Опять к аппарату. Снимаю последний момент. Корма приподнимается, показывает руль и винт, из трюмов вырывается столб черной угольной пыли. Через несколько секунд судна уже нет» (Там же, с. 238–239).
Семенов дополнил картину гибели «Челюскина» другими деталями: «Возникло короткое хаотическое кипение воды, пены обломков корабля, бревен, досок, льдов. И когда кипение прекратилось, на месте “Челюскина” – майна, окруженная грязными, черными льдами. Едва “Челюскин” скрылся под водой, большинство из нас, движимое чем-то общим, бегом бросилось к майне. Я побежал в числе других. Помню, с каким чувством я уставился на зловещую майну. Это было чувство недоверия. Где “Челюскин”? Он должен быть. Почему его нет?..
…Надо было начинать новую жизнь. Я оглянулся. Сотни и тысячи вещей в беспорядке разбросаны на снегу и льду. Пурга засыпает их… Пока я созерцал и “признавал”, товарищи начали работать. Я присоединяюсь к ним. Через несколько минут работу приходится прекратить.

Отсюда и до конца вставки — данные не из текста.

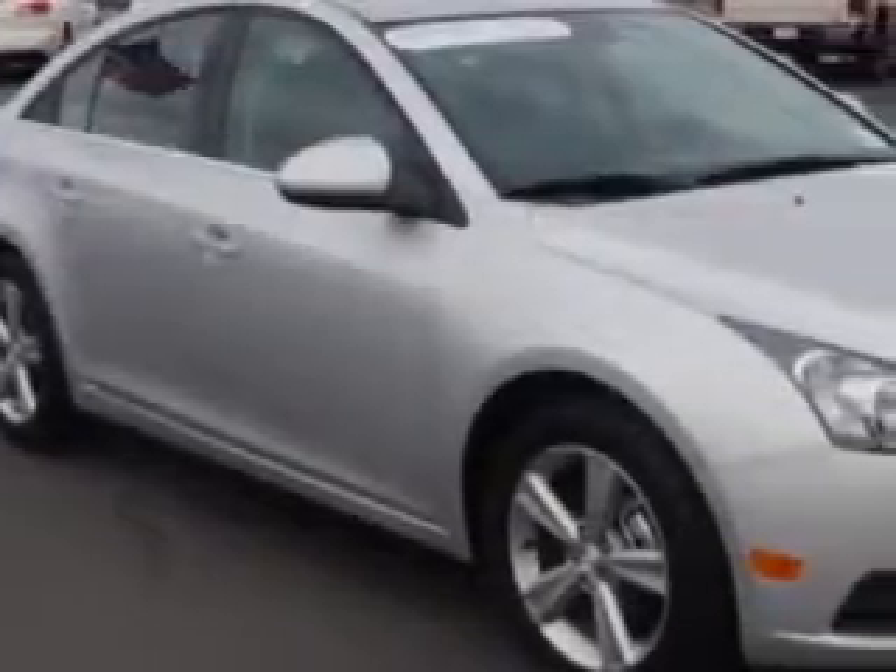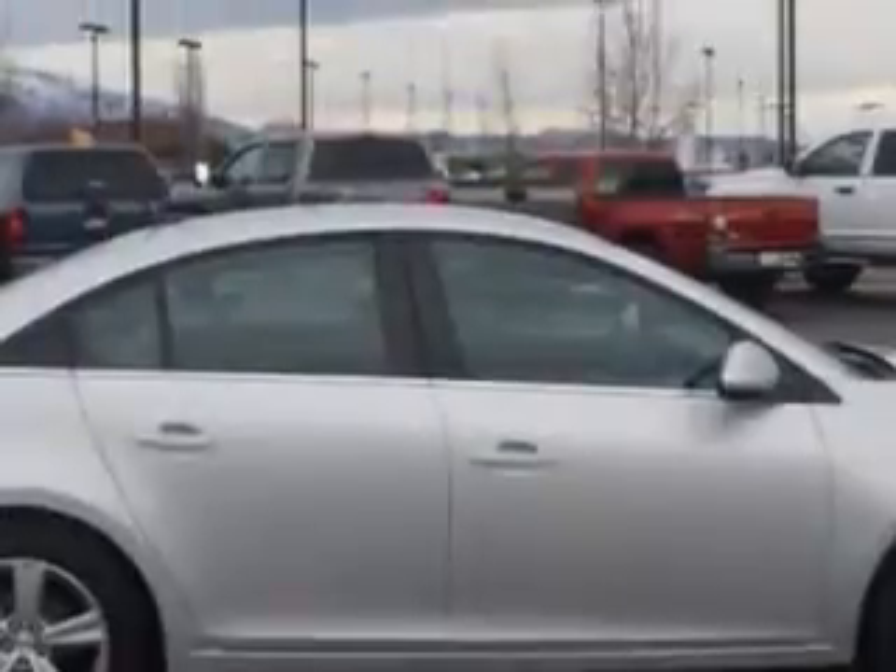Imagine driving this Silver Ice Metallic 2014 Chevrolet Cruze 2LT Auto with 1SH, equipped with a 4-cylinder engine and an automatic transmission. Enjoy an exceptional 38 miles to the gallon on this great car with features like:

– Товарищи! Сюда! Людей сосчитать! – кричал Бобров…
Работа длилась до позднего вечера. Никто в этот вечер не намечал плана работ, никто не управлял самой работой, не регулировал ее, не отдавал никаких распоряжений…Все делалось как будто само собой, причем люди разбились по участкам работ удивительно равномерно и целесообразно… Мы так назяблись за день, что и выданные теплые вещи не могли нас согреть. Я мучился всю ночь, проведя ее в полудремоте. Это была самая длинная, холодная, голодная и вместе с тем одна из самых замечательных ночей в моей жизни» (1934, т. 2, с. 118–123).